I was asked to become the beekeeper at SPARK Elementary school - the school where my oldest grandkids have been students. So absolutely I wanted to do it. They have had bees for about three years at SPARK - and the beekeeper was an interested volunteer - not a parent or a grandparent. He just wanted to do it. But he was leaving for Army training and needed to give up his bees there.
I knew there would be differences in how we kept bees, and I agreed to meet him and the PTA president at the school in late May to get introduced to the bees there. He had two hives and a homemade observation hive. The school hives are on the rooftop of the building. It's extremely hot up there - in the 90s at least every summer day. And the sun beats down onto the hives.
Here's how they looked:
Hive #1:
Hive #2:
Note: this is from my second trip - on my first trip the hive had four boxes on it. It also had four foot tall weeds directly in front of it and a mountainous fire ant hive diagonally in front of it. The PTA worked hard between my visits to take care of the weeds and fire ants.
Hive #3:
This is a homemade "observation hive." In reality, this is a nuc hive with two deep boxes. On each side of the nuc is glass and there is no cover for the hive.
I keep my bees up off of the ground on cinder blocks, so I didn't say anything critical to him, but I knew that if I were going to be in charge of the hives, one of the first things I would do is raise the hives. They also are on solid bottom boards.
So I went back on my own and really looked at everything. If you go back and look at Hive #1, I'd be interested in what you observe. SPOILER ALERT: I'm going to put some space in here so as not to reveal anything until you scroll back up to see what you see.
There are three things of note in Hive #1:
1. The bees are obviously in need of ventilation because they are spilled out in a dinner plate sized circle which would have been a beard if they were not on the ground.
2. The top box is coming apart, so the bees are guarding the large opening just under the top cover.
3. The top box has NO handles or cut-ins or grips of any kind to lift it.
HORRORS!
Note also that I use only 8 frame mediums and these hives are in 10 frame deeps and shallows.
So I went alone on my second trip and realized all of the above. I couldn't get the top box which was full of honey off of the hive. All I was able to do on the second trip was to put beer caps under the top cover to give the hive a little ventilation. I also took a completely empty top box off of Hive #2 and put it on Hive #1 to give them some more circulation.
I also noticed that probably in response to my gasping comment about the observation hive: "They don't have any cover?" that the former beekeeper had draped a beach towel over the hive.
So on visit three I took Jeff, my son-in-law and strong beekeeper, the MABA hive lifter, a screened bottom board, a slatted rack, and a ten frame medium (the only one I own) which, of course, does have hand grips.
This is how the bees looked when we arrived. You can see the extra box I added and can see that it really helped with ventilation since now, although there is still a beard, the bees are not spilled all over the ground. You can see the handle-less box is splitting at each corner.
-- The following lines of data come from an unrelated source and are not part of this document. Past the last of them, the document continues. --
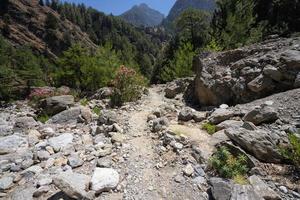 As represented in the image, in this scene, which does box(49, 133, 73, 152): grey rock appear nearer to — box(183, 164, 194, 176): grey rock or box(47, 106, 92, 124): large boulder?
box(47, 106, 92, 124): large boulder

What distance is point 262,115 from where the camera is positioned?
7.22 m

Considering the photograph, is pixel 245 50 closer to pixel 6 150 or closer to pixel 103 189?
pixel 103 189

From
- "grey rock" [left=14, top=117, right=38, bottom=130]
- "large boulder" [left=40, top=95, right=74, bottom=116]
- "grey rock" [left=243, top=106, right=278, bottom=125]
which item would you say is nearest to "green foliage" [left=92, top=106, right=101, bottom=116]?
"large boulder" [left=40, top=95, right=74, bottom=116]

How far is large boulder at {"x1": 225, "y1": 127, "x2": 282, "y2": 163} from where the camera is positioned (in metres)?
5.80

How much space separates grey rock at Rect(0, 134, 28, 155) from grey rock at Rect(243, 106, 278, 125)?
7631 millimetres

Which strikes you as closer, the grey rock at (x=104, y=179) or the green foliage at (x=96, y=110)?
the grey rock at (x=104, y=179)

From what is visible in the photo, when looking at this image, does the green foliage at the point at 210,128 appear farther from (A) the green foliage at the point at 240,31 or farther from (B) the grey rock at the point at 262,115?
(A) the green foliage at the point at 240,31

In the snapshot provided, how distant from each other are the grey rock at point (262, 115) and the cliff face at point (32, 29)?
3541 inches

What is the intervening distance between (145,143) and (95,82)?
37.5 ft

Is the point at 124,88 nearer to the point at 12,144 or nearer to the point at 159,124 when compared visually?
the point at 159,124

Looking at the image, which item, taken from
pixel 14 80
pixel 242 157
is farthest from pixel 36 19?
pixel 242 157

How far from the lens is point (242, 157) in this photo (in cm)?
554

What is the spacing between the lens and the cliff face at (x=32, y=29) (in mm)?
84600

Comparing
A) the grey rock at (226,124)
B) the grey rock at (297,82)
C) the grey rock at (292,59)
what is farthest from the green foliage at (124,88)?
the grey rock at (297,82)
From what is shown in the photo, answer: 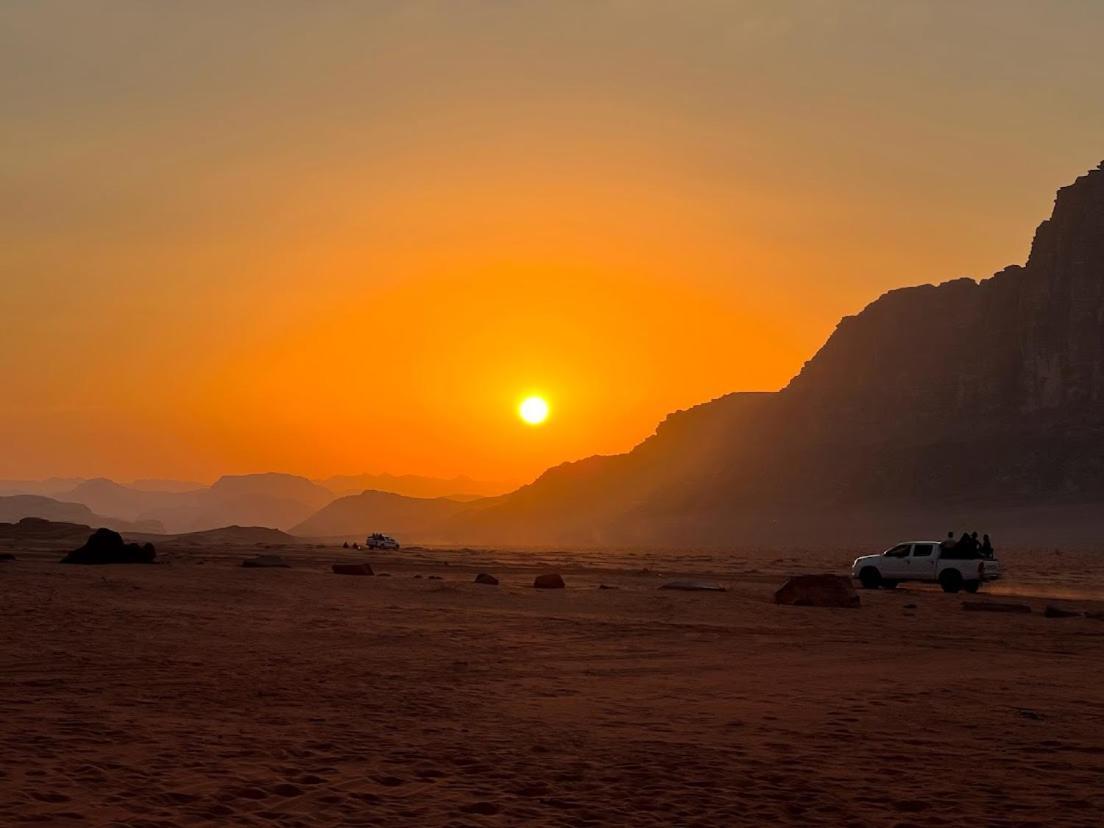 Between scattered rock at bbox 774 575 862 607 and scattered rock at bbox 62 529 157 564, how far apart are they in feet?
79.9

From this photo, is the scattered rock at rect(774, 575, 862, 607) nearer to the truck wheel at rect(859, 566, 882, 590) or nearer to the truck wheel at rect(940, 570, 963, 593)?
the truck wheel at rect(940, 570, 963, 593)

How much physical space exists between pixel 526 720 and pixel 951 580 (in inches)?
1213

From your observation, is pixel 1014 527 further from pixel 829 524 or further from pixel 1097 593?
pixel 1097 593

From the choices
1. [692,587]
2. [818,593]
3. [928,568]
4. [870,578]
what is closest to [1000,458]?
[870,578]

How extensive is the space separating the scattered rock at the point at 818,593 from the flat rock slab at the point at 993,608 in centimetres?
308

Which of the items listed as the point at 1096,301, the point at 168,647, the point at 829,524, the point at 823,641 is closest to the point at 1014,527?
the point at 829,524

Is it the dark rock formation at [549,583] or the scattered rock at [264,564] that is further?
the scattered rock at [264,564]

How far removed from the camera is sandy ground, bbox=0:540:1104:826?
906 cm

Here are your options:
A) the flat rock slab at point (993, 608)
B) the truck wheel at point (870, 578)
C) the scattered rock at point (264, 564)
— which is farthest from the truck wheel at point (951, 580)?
the scattered rock at point (264, 564)

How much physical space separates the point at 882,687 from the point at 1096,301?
188508mm

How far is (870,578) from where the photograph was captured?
42219 millimetres

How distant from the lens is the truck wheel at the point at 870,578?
41.9 metres

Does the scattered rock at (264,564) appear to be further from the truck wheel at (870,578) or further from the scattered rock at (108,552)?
the truck wheel at (870,578)

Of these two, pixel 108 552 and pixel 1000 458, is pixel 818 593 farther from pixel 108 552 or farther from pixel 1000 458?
pixel 1000 458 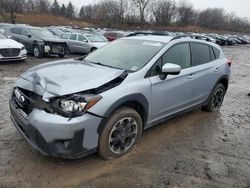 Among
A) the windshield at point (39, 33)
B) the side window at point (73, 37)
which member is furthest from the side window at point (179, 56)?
the side window at point (73, 37)

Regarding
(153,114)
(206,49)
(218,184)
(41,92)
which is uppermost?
(206,49)

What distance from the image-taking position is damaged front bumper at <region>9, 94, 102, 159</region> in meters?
2.76

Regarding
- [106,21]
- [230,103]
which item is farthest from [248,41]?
[230,103]

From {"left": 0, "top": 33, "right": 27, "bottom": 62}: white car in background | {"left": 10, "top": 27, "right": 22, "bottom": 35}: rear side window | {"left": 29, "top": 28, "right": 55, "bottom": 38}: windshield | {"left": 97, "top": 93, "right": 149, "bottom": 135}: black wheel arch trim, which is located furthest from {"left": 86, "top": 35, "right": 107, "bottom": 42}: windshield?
{"left": 97, "top": 93, "right": 149, "bottom": 135}: black wheel arch trim

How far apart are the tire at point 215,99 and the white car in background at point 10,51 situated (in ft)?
26.8

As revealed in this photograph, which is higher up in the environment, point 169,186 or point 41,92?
point 41,92

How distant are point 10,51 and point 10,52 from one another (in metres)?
0.04

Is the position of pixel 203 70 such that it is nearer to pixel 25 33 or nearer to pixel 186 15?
pixel 25 33

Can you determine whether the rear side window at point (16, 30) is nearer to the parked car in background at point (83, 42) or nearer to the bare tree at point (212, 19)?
the parked car in background at point (83, 42)

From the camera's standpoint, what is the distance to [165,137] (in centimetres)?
422

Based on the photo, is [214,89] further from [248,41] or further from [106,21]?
[106,21]

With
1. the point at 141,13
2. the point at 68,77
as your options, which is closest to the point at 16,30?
the point at 68,77

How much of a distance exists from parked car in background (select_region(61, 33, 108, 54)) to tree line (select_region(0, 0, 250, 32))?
48282mm

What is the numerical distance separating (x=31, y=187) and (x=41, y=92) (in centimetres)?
110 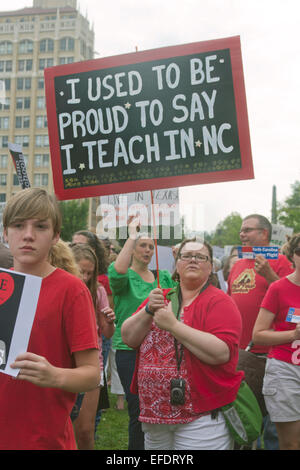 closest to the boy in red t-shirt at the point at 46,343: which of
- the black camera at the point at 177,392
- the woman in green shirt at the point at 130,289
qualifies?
the black camera at the point at 177,392

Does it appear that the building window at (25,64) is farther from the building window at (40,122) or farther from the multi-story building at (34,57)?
the building window at (40,122)

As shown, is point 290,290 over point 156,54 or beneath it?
beneath

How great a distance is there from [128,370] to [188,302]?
5.14ft

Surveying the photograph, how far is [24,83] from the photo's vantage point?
285 ft

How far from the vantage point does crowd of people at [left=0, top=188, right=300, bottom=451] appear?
2158 mm

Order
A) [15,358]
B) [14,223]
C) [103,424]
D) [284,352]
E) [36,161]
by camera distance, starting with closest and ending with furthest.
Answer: [15,358], [14,223], [284,352], [103,424], [36,161]

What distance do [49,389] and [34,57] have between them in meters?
92.5

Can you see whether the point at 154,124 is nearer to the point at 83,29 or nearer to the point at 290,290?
the point at 290,290

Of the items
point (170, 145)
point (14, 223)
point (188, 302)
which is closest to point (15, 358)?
point (14, 223)

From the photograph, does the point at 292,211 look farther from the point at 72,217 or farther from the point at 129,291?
the point at 129,291

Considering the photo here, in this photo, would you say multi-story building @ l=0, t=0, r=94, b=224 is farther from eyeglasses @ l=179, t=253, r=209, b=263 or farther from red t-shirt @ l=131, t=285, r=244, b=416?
red t-shirt @ l=131, t=285, r=244, b=416

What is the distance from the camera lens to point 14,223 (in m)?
2.26

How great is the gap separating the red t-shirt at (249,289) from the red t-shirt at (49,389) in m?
3.20

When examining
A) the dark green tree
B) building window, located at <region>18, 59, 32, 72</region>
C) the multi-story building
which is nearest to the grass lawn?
the dark green tree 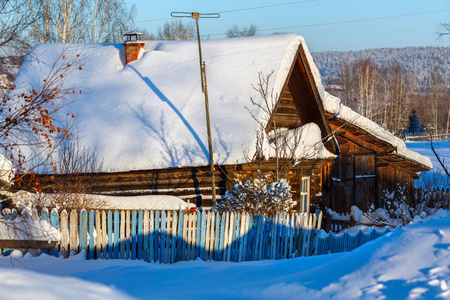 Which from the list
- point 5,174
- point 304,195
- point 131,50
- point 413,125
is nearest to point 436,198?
point 304,195

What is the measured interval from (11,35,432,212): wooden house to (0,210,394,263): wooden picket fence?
7.63 feet

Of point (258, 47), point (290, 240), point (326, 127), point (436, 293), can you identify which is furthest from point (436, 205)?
point (436, 293)

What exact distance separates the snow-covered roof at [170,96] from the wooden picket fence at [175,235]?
2.78 m

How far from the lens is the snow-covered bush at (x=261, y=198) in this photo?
11.1 meters

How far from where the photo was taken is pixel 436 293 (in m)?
4.80

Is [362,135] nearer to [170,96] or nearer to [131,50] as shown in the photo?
[170,96]

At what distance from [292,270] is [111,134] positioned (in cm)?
895

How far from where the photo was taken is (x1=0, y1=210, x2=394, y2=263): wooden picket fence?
9.42m

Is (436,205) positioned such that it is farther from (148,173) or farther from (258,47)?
(148,173)

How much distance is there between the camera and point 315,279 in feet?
19.0

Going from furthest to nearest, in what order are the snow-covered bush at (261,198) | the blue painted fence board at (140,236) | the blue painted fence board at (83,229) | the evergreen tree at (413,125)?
1. the evergreen tree at (413,125)
2. the snow-covered bush at (261,198)
3. the blue painted fence board at (140,236)
4. the blue painted fence board at (83,229)

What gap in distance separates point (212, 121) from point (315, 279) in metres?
8.81

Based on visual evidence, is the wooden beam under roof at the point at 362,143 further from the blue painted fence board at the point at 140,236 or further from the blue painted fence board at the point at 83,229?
the blue painted fence board at the point at 83,229

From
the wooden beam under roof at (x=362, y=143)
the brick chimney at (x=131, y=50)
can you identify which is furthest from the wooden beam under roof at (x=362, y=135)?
the brick chimney at (x=131, y=50) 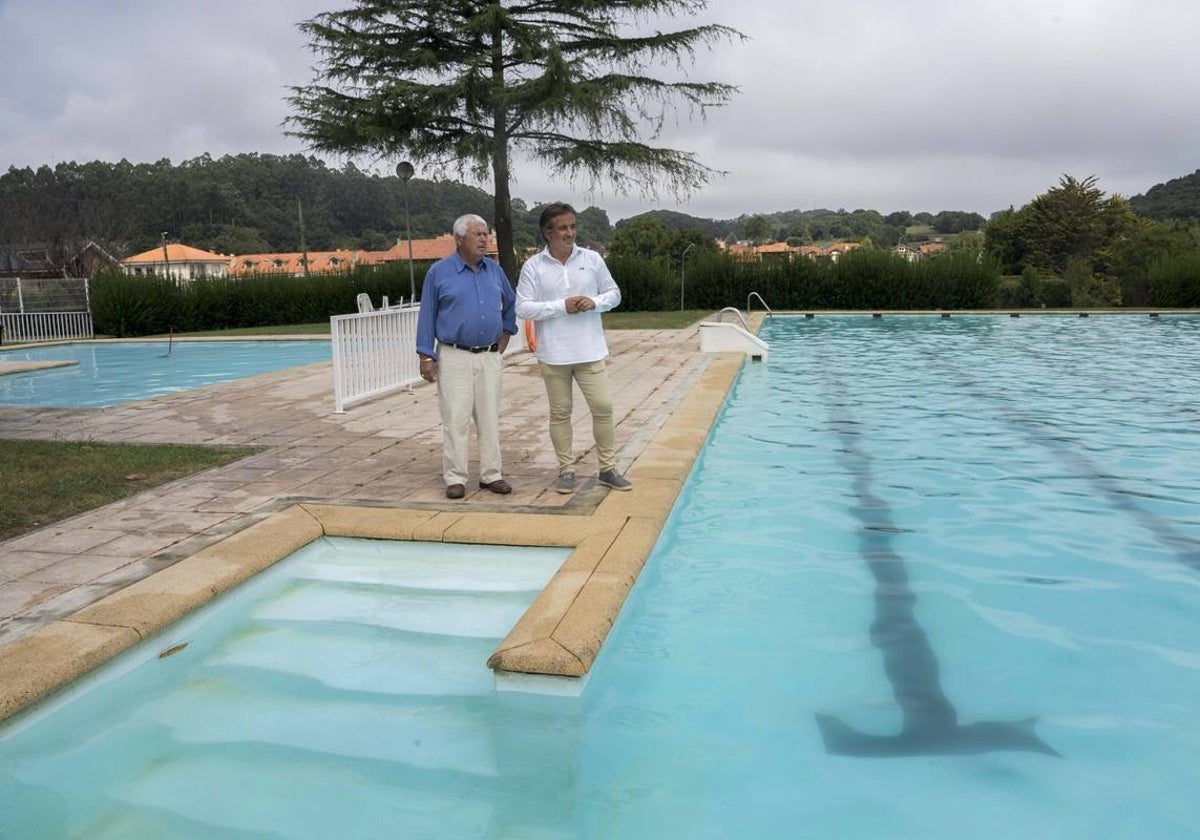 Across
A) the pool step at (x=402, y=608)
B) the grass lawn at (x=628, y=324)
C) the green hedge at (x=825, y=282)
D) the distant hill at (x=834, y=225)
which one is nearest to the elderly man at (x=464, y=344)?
the pool step at (x=402, y=608)

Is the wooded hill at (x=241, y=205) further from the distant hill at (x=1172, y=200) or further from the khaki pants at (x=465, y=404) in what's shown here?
the khaki pants at (x=465, y=404)

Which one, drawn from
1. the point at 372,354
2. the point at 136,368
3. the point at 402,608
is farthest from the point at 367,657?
the point at 136,368

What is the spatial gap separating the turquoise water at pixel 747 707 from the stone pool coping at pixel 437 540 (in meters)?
0.14

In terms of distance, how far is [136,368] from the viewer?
15.1 metres

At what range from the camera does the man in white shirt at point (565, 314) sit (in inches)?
191

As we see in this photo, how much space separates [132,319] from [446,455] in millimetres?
20502

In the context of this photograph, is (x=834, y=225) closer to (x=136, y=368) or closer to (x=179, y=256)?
(x=179, y=256)

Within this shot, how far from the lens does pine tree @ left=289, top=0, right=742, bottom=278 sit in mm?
16125

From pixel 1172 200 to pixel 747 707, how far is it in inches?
3761

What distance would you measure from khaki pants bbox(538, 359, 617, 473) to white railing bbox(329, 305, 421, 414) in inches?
132

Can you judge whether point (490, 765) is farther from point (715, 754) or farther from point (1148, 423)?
point (1148, 423)

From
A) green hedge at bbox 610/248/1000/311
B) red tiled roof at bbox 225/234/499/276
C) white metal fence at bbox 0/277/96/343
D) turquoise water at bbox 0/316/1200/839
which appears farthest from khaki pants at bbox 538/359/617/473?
red tiled roof at bbox 225/234/499/276

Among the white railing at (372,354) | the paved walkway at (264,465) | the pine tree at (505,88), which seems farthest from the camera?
the pine tree at (505,88)

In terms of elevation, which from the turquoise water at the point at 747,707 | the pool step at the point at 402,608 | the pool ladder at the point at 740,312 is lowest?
the turquoise water at the point at 747,707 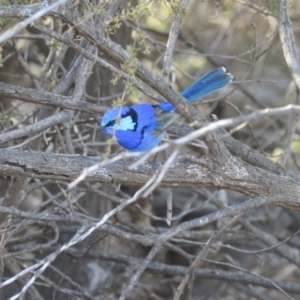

Jeff lit the smoker. You can see the extensive rooftop garden behind him.
We took the empty box off of the top and covered the exposed second box with a hive drape. We set up the metal hive lifter (on ground surrounding the hive) and moved the hive to one side. You can see the empty dirt where the hive was sitting.
Roaches were enjoying life under the hive.
We set up the cinder blocks and put the screened bottom board (in photo) and the slatted rack (not in photo) on the cinder blocks.
We returned the old hive to its elevated position. Now to deal with the falling apart hive box.
We removed the hive frames one at a time to the yellow box I had brought. They were all filled with honey - which is great for the bees. And the box was equipped with spacers which spaced the frames so we didn't have to pry up propolis. I've never worked with a box with these spacers and it was a pleasure. I wanted to find a photo of one to show you, but the commercial companies don't appear to carry them any more. You can see the spacer (I thought it was called a rabbet) on the end of the hive box in the photo below if you click on it to enlarge it.
Actually I finally found these on Pigeon Mountain Trading Company. They are frame spacers and turn a 10 frame hive into a 9 frame one by spacing out the frames, allowing the bees to make thicker combs.
The former beekeeper had queen excluders on both of the full-sized hives and since the bees are used to that, I left them for now. Next year, I may remove them.
Then we put the yellow 10 frame box on top of the hive and returned the empty third box to the hive.
We walked away from the hive and suddenly I realized that the leaning board was the former bottom board. The bees were not moving into the hive - what if the queen were there? I didn't photograph, but did lean the bottom board against the hive so the nurse bees could walk in, but not before checking well to assure myself that the queen was not outside.
The next day I returned to remove the rotten bottom board and falling apart top box and the bees looked as happy as bees can look.
We'll return next week to put Hive #2 on cinder blocks with a screened bottom board and a slatted rack (if I have 10 frame stuff in my basement). And I'll put an oil cloth cover over the observation hive. There are bees in that hive but none on the outside frames which are totally exposed to light every single day.